Writer's picture: Pankaj kumawatPankaj kumawat

Business intelligence (BI) is the collection of strategies and tools used to analyze business information. Business intelligence projects are significantly more effective when they combine external data sources with internal data sources for actionable insight.



Business analytics, also known as advanced analytics, is a term often used interchangeably with business intelligence. However, business analytics is a subset of business intelligence since business intelligence deals with strategies and tools while business analytics focuses more on methods. Business intelligence is descriptive while business analytics is more prescriptive, addressing a problem or business question.


Competitive intelligence is a subset of business intelligence. Competitive intelligence is the collection of data, tools, and processes for collecting, accessing, and analyzing business data on competitors. Competitive intelligence is often used to monitor differences in products.


Business Intelligence Applications in the Enterprise



Measurement

Many business intelligence tools are used in measurement applications. They can take input data from sensors, CRM systems, web traffic, and more to measure KPIs. For example, solutions for a facilities team at a large manufacturing company might include sensors to measure the temperature of key equipment to optimize maintenance schedules.


Analytics

Analytics is the study of data to find meaningful trends and insights. This is a very popular application of business intelligence tools since it allows businesses to deeply understand their data and drive value with data-driven decisions. For example, a marketing organization could use analytics to determine the customer segments most likely to convert to a new customer.

Reporting

Report generation is a standard application of business intelligence software. BI products can now seamlessly generate regular reports for internal stakeholders, automate critical tasks for analysts, and replace the need for spreadsheets and word-processing programs.

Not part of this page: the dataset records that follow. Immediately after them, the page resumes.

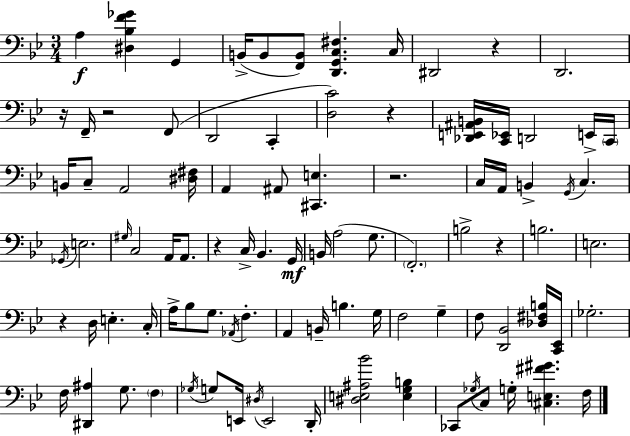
{
  \clef bass
  \numericTimeSignature
  \time 3/4
  \key g \minor
  a4\f <dis bes f' ges'>4 g,4 | b,16->( b,8 <f, b,>8) <d, g, c fis>4. c16 | dis,2 r4 | d,2. | \break r16 f,16-- r2 f,8( | d,2 c,4-. | <d c'>2) r4 | <des, e, ais, b,>16 <c, ees,>16 d,2 e,16-> \parenthesize c,16 | \break b,16 c8-- a,2 <dis fis>16 | a,4 ais,8 <cis, e>4. | r2. | c16 a,16 b,4-> \acciaccatura { g,16 } c4. | \break \acciaccatura { ges,16 } e2. | \grace { gis16 } c2 a,16 | a,8. r4 c16-> bes,4. | g,16\mf b,16 a2( | \break g8. \parenthesize f,2.-.) | b2-> r4 | b2. | e2. | \break r4 d16 e4.-. | c16-. a16-> bes8 g8. \acciaccatura { aes,16 } f4.-. | a,4 b,16-- b4. | g16 f2 | \break g4-- f8 <d, bes,>2 | <des fis b>16 <c, ees,>16 ges2.-. | f16 <dis, ais>4 g8. | \parenthesize f4 \acciaccatura { ges16 } g8 e,16 \acciaccatura { dis16 } e,2 | \break d,16-. <dis e ais bes'>2 | <e g b>4 ces,8 \acciaccatura { ges16 } c8 g16-. | <cis e fis' gis'>4. f16 \bar "|."
}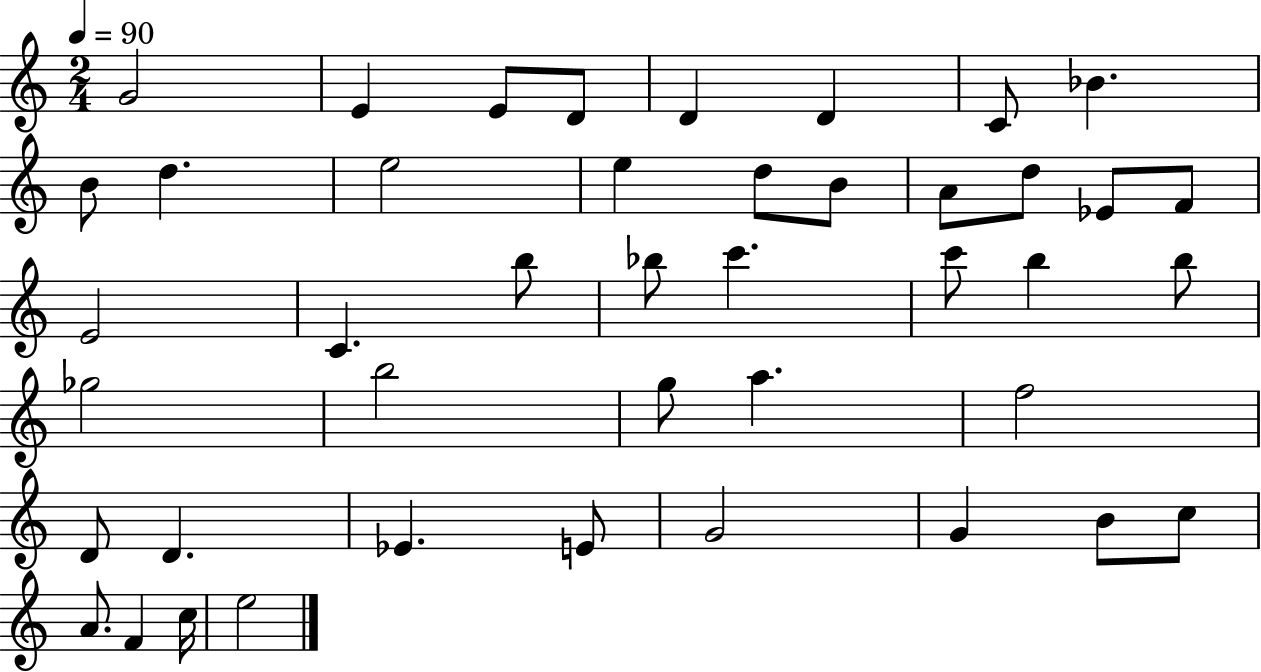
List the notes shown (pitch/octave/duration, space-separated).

G4/h E4/q E4/e D4/e D4/q D4/q C4/e Bb4/q. B4/e D5/q. E5/h E5/q D5/e B4/e A4/e D5/e Eb4/e F4/e E4/h C4/q. B5/e Bb5/e C6/q. C6/e B5/q B5/e Gb5/h B5/h G5/e A5/q. F5/h D4/e D4/q. Eb4/q. E4/e G4/h G4/q B4/e C5/e A4/e. F4/q C5/s E5/h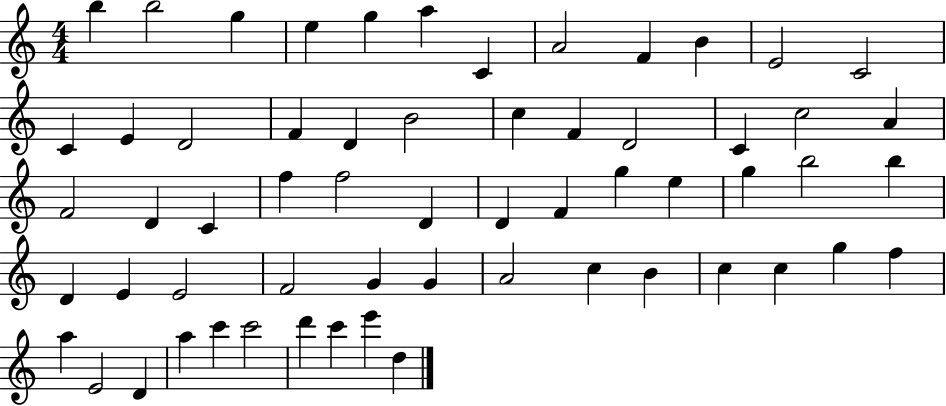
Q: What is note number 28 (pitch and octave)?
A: F5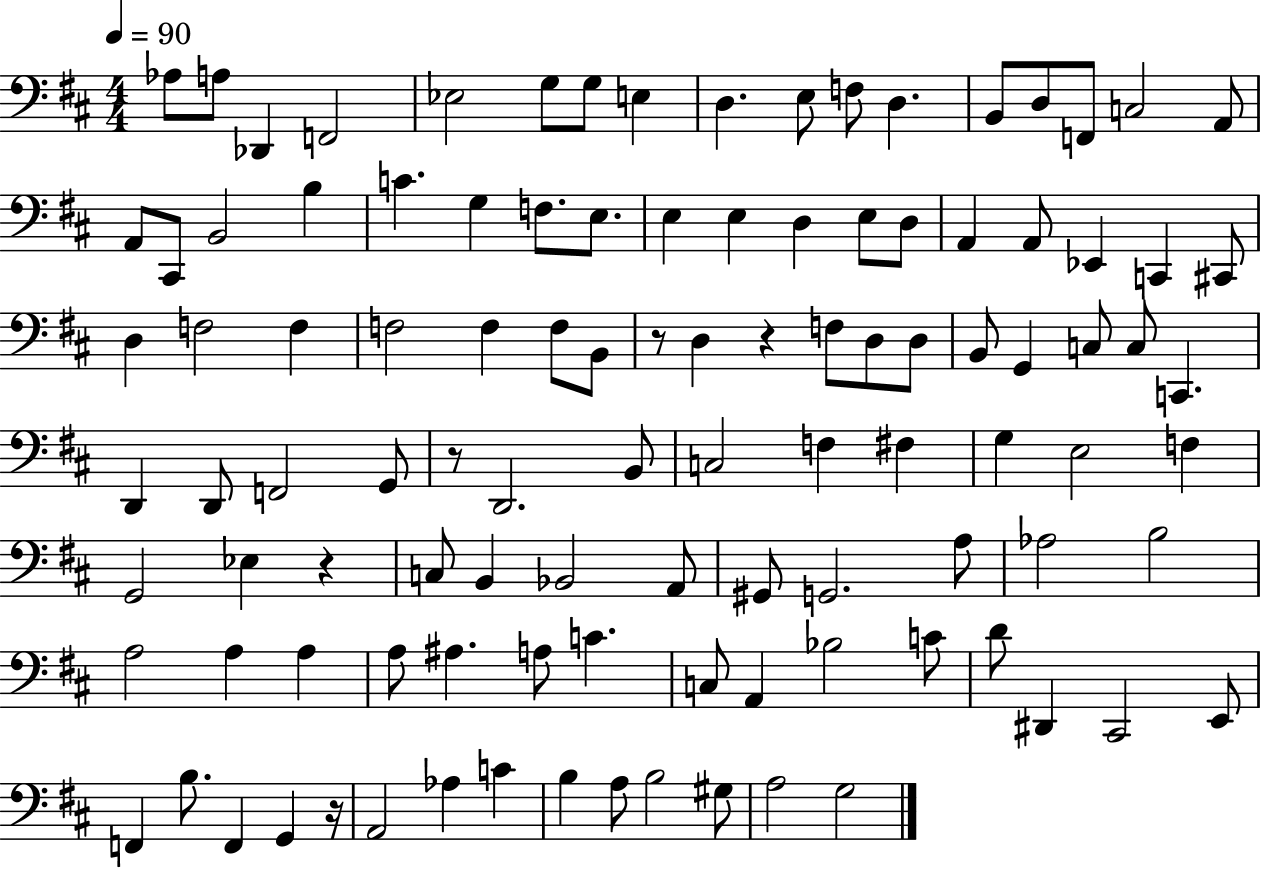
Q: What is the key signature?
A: D major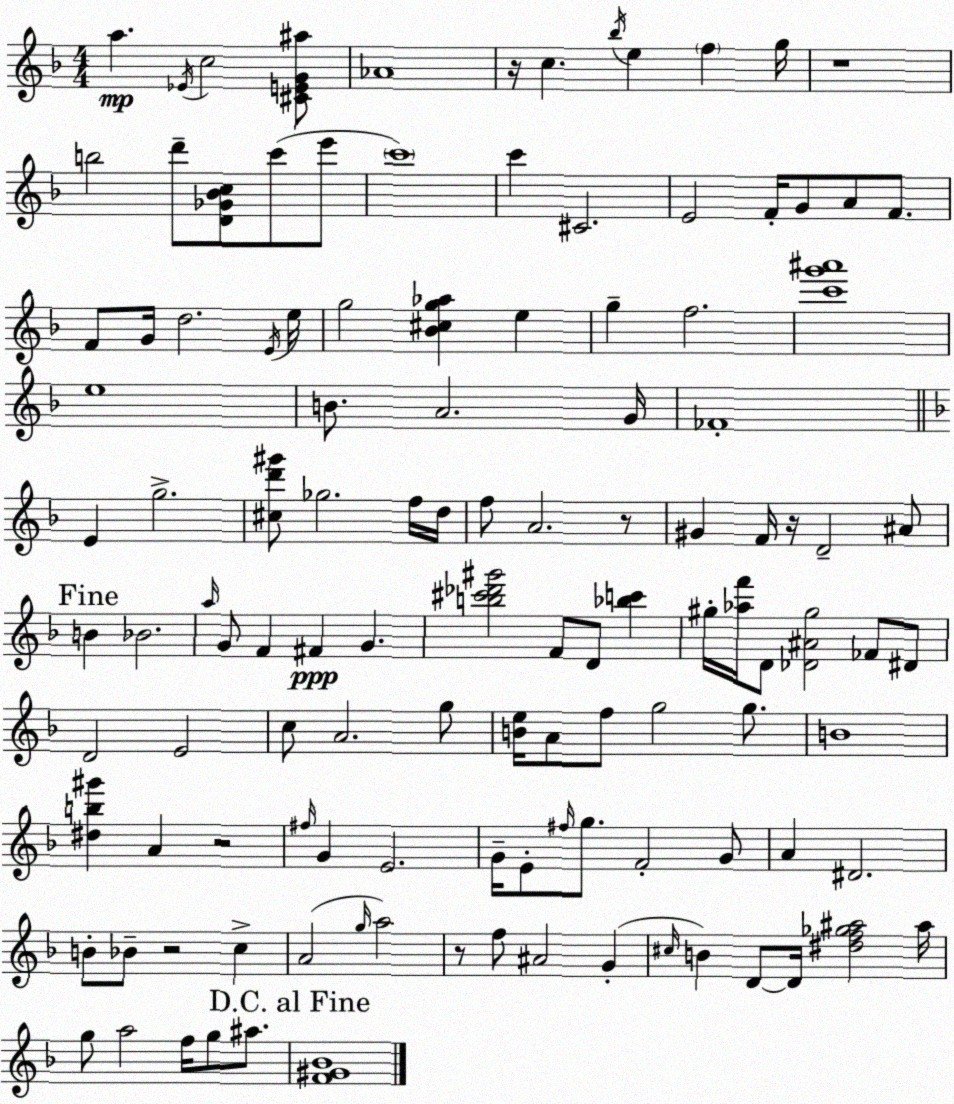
X:1
T:Untitled
M:4/4
L:1/4
K:Dm
a _E/4 c2 [^CEG^a]/2 _A4 z/4 c _b/4 e f g/4 z4 b2 d'/2 [D_G_Bc]/2 c'/2 e'/2 c'4 c' ^C2 E2 F/4 G/2 A/2 F/2 F/2 G/4 d2 E/4 e/4 g2 [_B^cg_a] e g f2 [c'g'^a']4 e4 B/2 A2 G/4 _F4 E g2 [^cd'^g']/2 _g2 f/4 d/4 f/2 A2 z/2 ^G F/4 z/4 D2 ^A/2 B _B2 a/4 G/2 F ^F G [b^c'_d'^g']2 F/2 D/2 [_bc'] ^g/4 [_af']/4 D/2 [_D^A^g]2 _F/2 ^D/2 D2 E2 c/2 A2 g/2 [Be]/4 A/2 f/2 g2 g/2 B4 [^db^g'] A z2 ^f/4 G E2 G/4 E/2 ^f/4 g/2 F2 G/2 A ^D2 B/2 _B/2 z2 c A2 g/4 a2 z/2 f/2 ^A2 G ^c/4 B D/2 D/4 [^df_g^a]2 ^a/4 g/2 a2 f/4 g/2 ^a/2 [F^G_B]4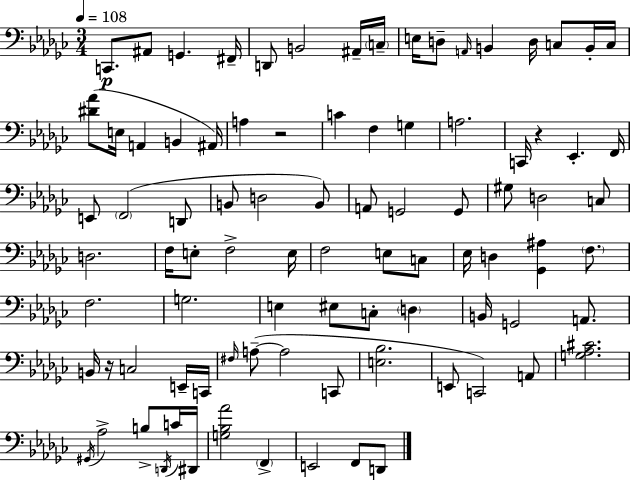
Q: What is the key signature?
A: EES minor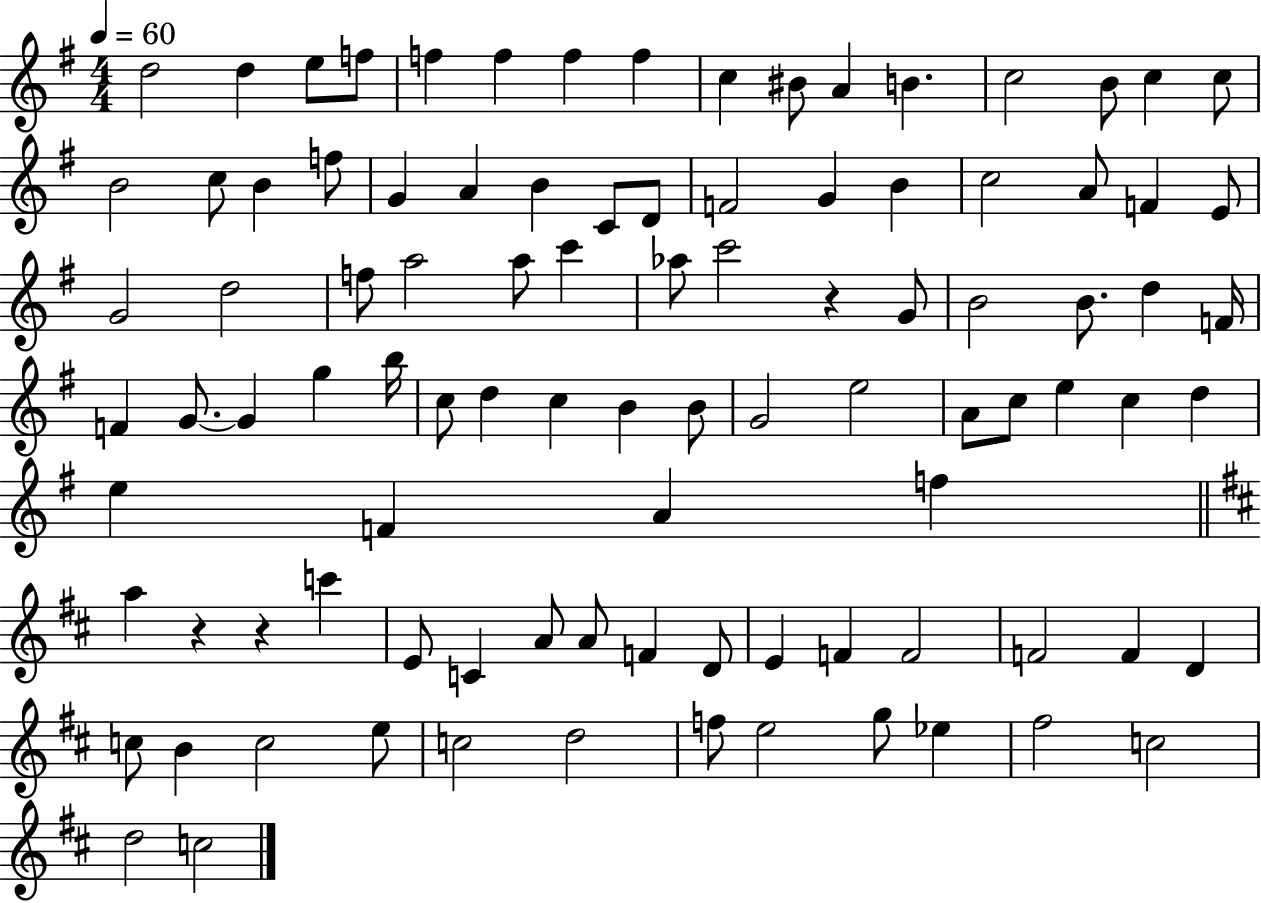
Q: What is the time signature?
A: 4/4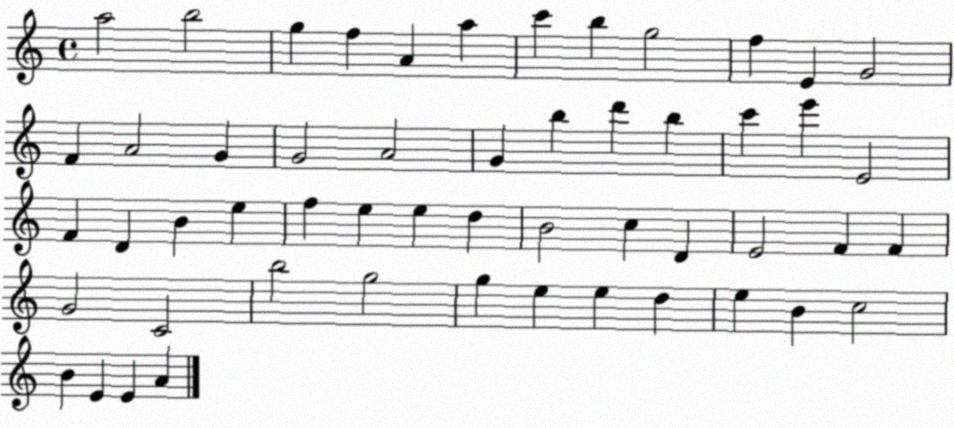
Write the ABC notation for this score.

X:1
T:Untitled
M:4/4
L:1/4
K:C
a2 b2 g f A a c' b g2 f E G2 F A2 G G2 A2 G b d' b c' e' E2 F D B e f e e d B2 c D E2 F F G2 C2 b2 g2 g e e d e B c2 B E E A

For example, a sales operations analyst might use the tool to produce a weekly report for her manager detailing last week’s sales by geographical region—a task that took far more effort to do manually. With an advanced reporting tool, the effort required to create such a report decreases significantly. In some cases, business intelligence tools can automate the reporting process entirely.


Collaboration

Collaboration features allow users to work across the same data and same files together in real-time and are now very common in modern business intelligence platforms. Cross-device collaboration will continue to drive development of new and improved business intelligence tools. Collaboration in BI platforms can be important when creating new reports or dashboards.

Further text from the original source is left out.